Visiting the Painted Dog Conservation Project in Zimbabwe
This post was written by Ewaso Lions team members Jeneria, who recently visited Painted Dog Conservation (PDC) in Zimbabwe. Ewaso Lions and PDC are both WCN Conservation Partners. WCN sponsored this trip so that Ewaso Lions could learn from the experience of PDC, focusing on PDC's Children’s Bush Camp. This will help Ewaso Lions as they shape and grow their new Lion Kids Camp.
I was very excited when I learned that I was going to visit a conservation project in Zimbabwe called Painted Dog Conservation (PDC) . I found out that the project I was going to visit did a lot of community work including the Bush Camp, which brings children from local schools and educates them on wildlife conservation.
When I flew from Nairobi to Livingstone in Zambia I was a little nervous – it was only my second time to fly in a plane alone. When I arrived, I met Wilton, who is the manager of the Bush Camp. We went across the border to Zimbabwe and drove to the camp. Wilton introduced me to the rest of his team and welcomed me to the “Iganyana” Bush Camp. It was a great way to start the sharing of knowledge.
During the Bush Camp, the children learned a lot of things. They were really excited to learn about the history of the painted dogs and sad to know they are disappearing from our planet. We were all very curious to know the major problems the dogs are facing and learned that these problems are habitat loss and also snaring.
The kids were taught how to use computers in PDC’s impressive computer lab. The children were shown how to collar and track dogs and also practiced drawing them. We visited the rehabilitation centre where PDC keeps orphan dogs and met two people who work in the centre. They explained how rehabilitation works and showed us a dog that had been caught by a snare and brought in to recover. We also visited Hwange National Park – I was lucky to go twice to see the dogs – once with the kids and also with dog tracker MK on another day. MK is the best tracker for dogs and showed me how to identify individual dogs. He told me his own story of how he started with the project and was very passionate.
I really like the book that PDC have done for the children – it is a logbook of their time during the Bush Camp. I hope we can do something similar for our own Lion Kids Camp as I think what PDC has done is fantastic.
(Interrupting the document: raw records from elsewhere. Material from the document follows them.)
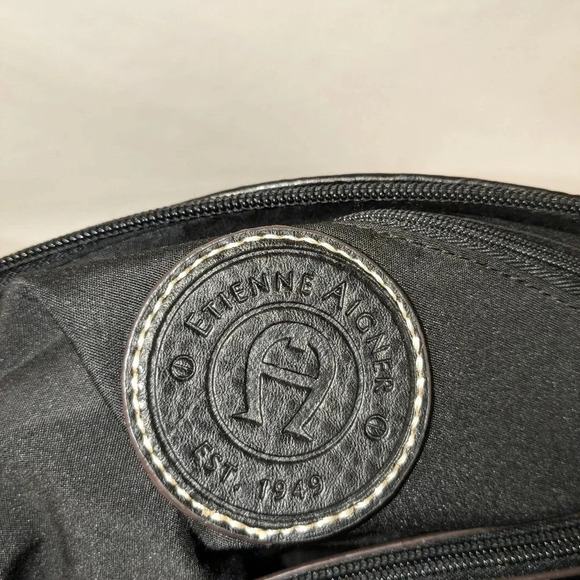 Etienne Aigner black signature canvas shoulder bag - Picture 7 of 9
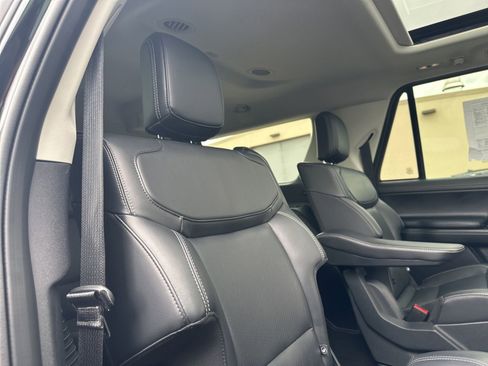 Used 2025 Ford Expedition Max Platinum AWD/4WD image 37
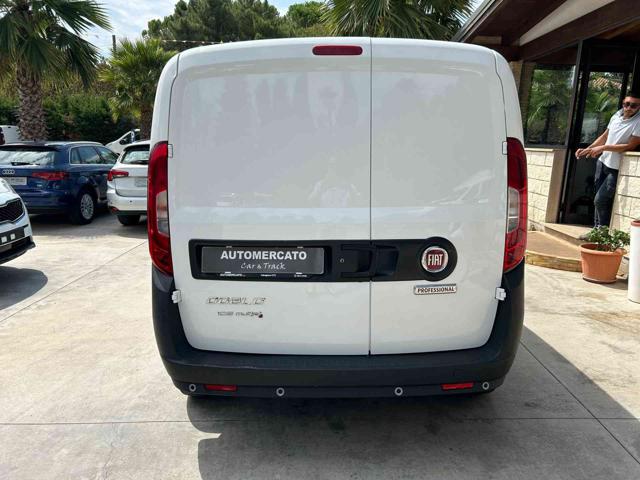 FIAT Doblo Doblò 1.6 MJT 105CV 3 Posti Immagine 4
I really found this visit to another wildlife conservation project to be a huge success and learned a lot about painted dogs. I also saw how quickly the kids learned about dogs and how they saw themselves as future conservationists and environmental leaders. It was great that I was able to share knowledge with my fellow Partners. Being with PDC has given me many ideas about our Lion Kids Camp to educate the Samburu children on conservation issues. One challenge I see is that we would find it hard to follow-up with the children when they go on to secondary school in the way PDC follows up with each child. But I am ready for the challenge.